*** Opening of ENTRIES SUPPLIED ***

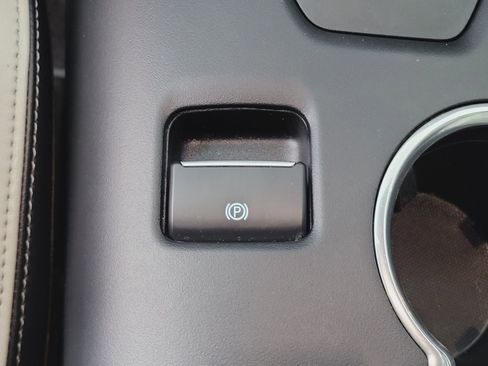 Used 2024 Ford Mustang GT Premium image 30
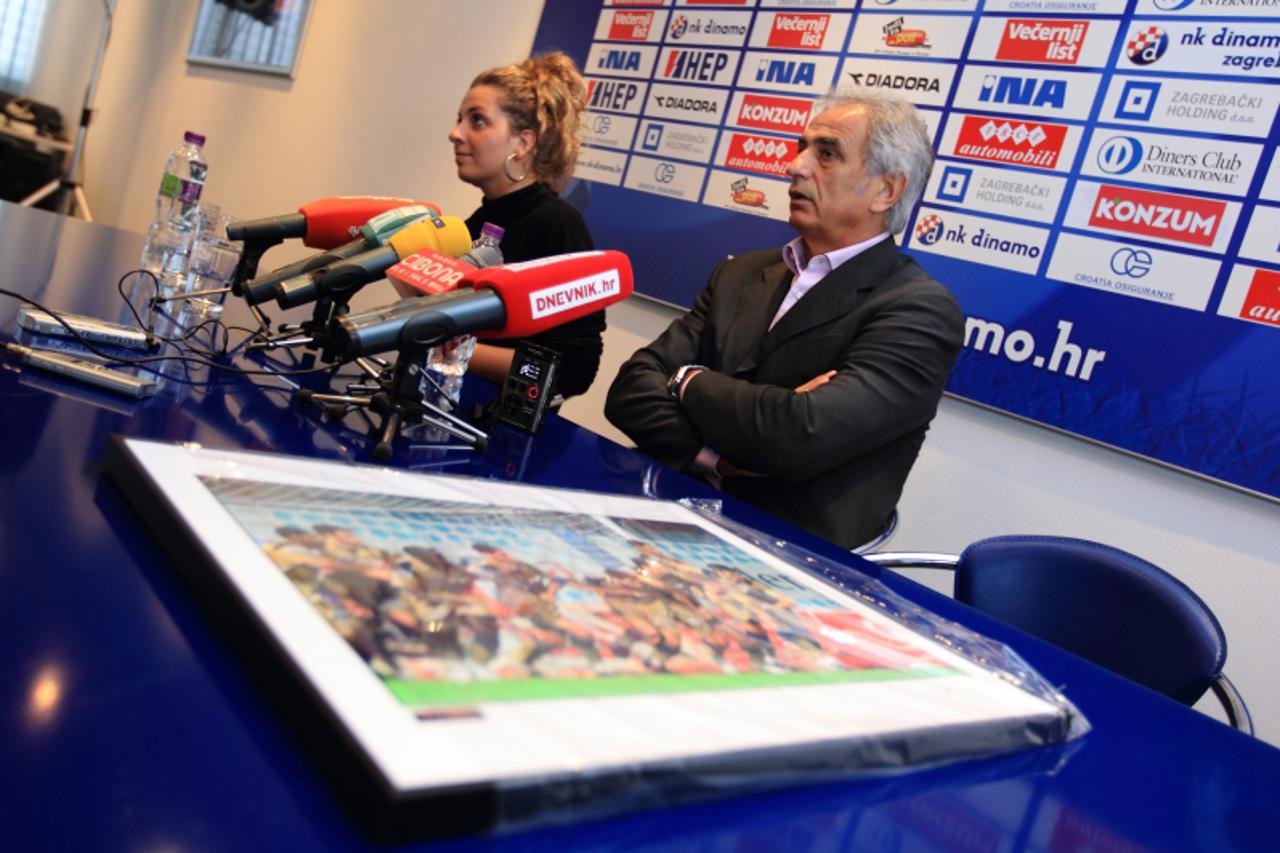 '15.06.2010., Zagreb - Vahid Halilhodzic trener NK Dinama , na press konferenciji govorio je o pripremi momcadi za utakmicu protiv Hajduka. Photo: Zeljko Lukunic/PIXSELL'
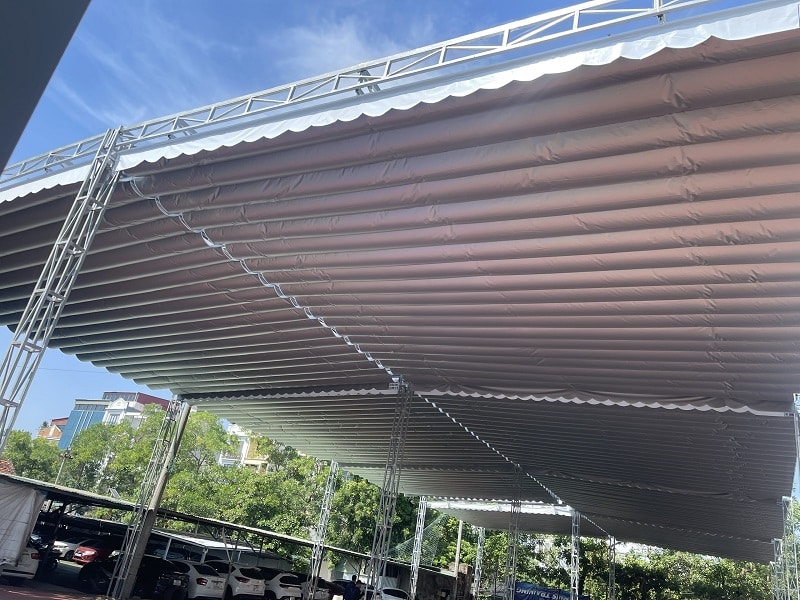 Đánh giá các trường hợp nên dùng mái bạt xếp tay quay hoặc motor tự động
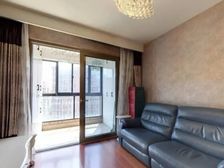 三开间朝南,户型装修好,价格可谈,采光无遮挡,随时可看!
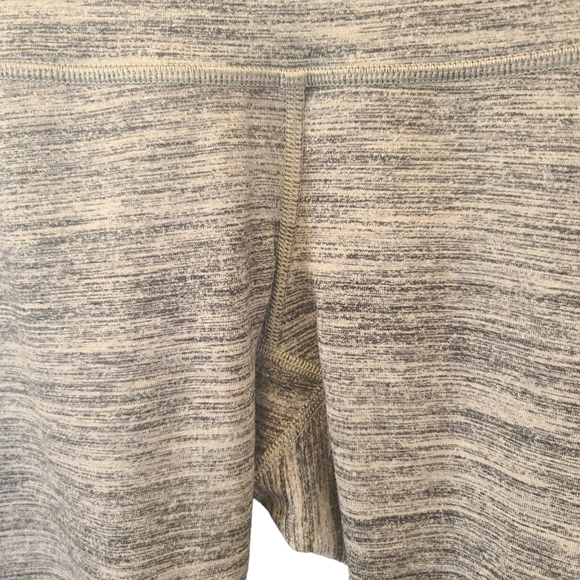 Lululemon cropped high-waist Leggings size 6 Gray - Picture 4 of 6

*** Close of ENTRIES SUPPLIED ***

◆ ABOUT THIS TASK: The entries are to be written out again exactly, without their pictures.

◆ ANSWER FOR THE TASK:
 Used 2024 Ford Mustang GT Premium image 30
 '15.06.2010., Zagreb - Vahid Halilhodzic trener NK Dinama , na press konferenciji govorio je o pripremi momcadi za utakmicu protiv Hajduka. Photo: Zeljko Lukunic/PIXSELL'
 Đánh giá các trường hợp nên dùng mái bạt xếp tay quay hoặc motor tự động
 三开间朝南,户型装修好,价格可谈,采光无遮挡,随时可看!
 Lululemon cropped high-waist Leggings size 6 Gray - Picture 4 of 6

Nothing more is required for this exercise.